Manguba was also chosen to represent the Philippines in the ASEAN Jazz Festival which was held in Universiti Kebangsaan Malaysia, Kuala Lumpur, Malaysia in 2013 together with Jennifer Barican. He received the Gawad Raya Award under the Culture and Arts Office of DLSU in 2014 for being the 'Most Promising Performer in Solo Singing'. He is one of the distinguished alumni of De La Salle Innersoul.

To The Top (2015)

On 9 April 2015, Manguba auditioned for GMA Network's first reality boy band competition To The Top, along with hundreds of male singers from different school organizations. He was selected by a director from the network.

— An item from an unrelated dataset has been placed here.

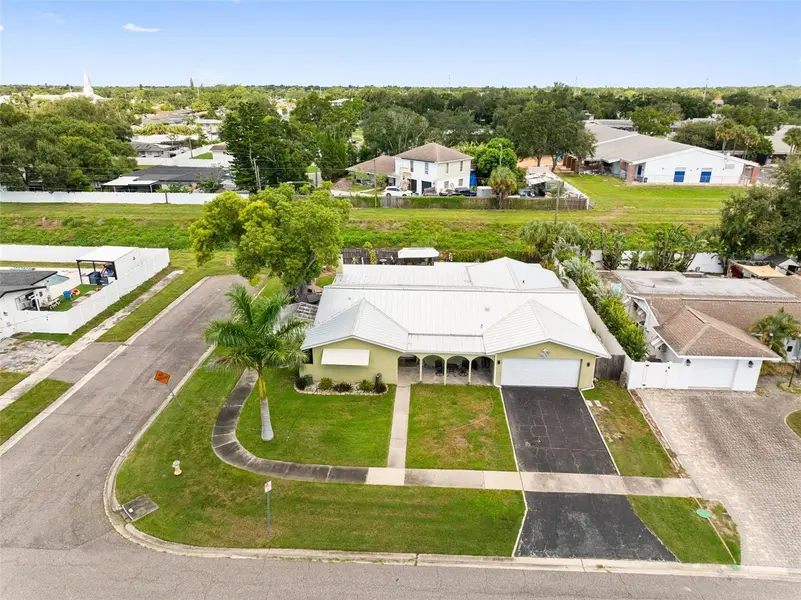 5893 34TH AVE N, St Petersburg, FL 33710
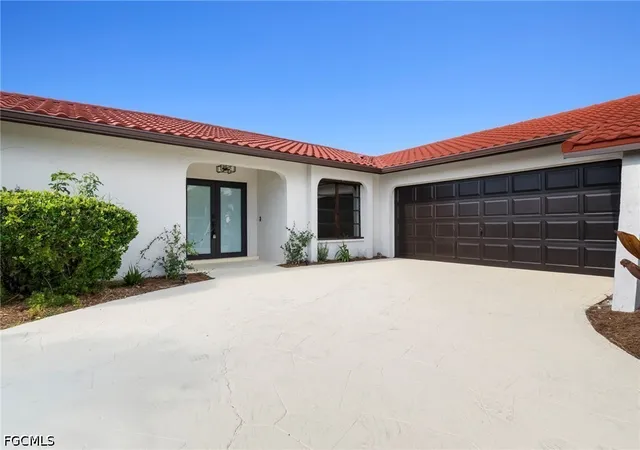 Photo 1 of Single family home for sale at 920 Se 16th Terrace, Cape Coral, FL 33990 | MLS# 2026030738 | Listing updated on 2026-08-21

Manguba stood as the leader for Team C and the new Team B, succeeding in five out of eight showdowns (Showdown 1: Boyband songs, Showdown 2: Family, Showdown 4: Fun, Showdown 6: OPM Love Songs, and Showdown 7: Ryan Cayabyab songs/TTT Originals) plus another win during the Composition Challenge ("Taksil Si Yaya"). Manguba was one of the five grand winners of the show in September 2015.

Top One Project

Following To The Top, Top One Project was signed under GMA Artist Center and GMA Records in 2015. Top One Project released their self-titled debut album digitally on 28 April 2016, with the songs in their first album including their original composition, "Sa'n Na", and carrier single, "Pag-gising."

Since joining TOP, Manguba, along with bandmates Mico Cruz, Joshua Jacobe, Adrian Pascual, and Louie Pedroso, has released the group's self-titled debut album in 2016.  In addition to singing, Manguba and Top One Project have appeared in television for various show guestings and minimal acting. He was signed under GMA Network and GMA Records.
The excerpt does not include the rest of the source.